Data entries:

────

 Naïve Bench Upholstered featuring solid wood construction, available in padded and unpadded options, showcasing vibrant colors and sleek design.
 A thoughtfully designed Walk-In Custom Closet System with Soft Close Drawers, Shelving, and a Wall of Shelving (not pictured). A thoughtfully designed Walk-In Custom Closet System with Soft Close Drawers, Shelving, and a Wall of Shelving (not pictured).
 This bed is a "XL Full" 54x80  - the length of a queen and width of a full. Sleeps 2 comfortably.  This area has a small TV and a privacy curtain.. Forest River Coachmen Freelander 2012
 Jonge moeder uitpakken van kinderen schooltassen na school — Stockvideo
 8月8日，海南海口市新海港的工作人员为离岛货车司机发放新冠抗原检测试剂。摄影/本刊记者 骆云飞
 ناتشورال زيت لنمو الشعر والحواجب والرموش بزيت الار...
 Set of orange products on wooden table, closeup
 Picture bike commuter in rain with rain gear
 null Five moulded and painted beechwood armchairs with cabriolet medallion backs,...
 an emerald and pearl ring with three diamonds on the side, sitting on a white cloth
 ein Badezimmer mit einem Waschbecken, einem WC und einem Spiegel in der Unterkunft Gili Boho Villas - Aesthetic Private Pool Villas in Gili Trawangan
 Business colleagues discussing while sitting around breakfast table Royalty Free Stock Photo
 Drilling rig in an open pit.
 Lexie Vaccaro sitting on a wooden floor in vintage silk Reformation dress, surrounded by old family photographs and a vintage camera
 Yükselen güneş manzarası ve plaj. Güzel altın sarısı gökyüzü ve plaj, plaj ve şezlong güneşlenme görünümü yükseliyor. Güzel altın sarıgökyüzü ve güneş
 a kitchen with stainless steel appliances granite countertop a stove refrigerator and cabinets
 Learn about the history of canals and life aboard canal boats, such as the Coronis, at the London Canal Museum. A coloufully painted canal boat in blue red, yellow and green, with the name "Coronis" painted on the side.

────

> EXERCISE OBJECTIVE
Report the number of lines above containing the string "sitting" as your sole answer.

> RESULT OF THIS EXERCISE
3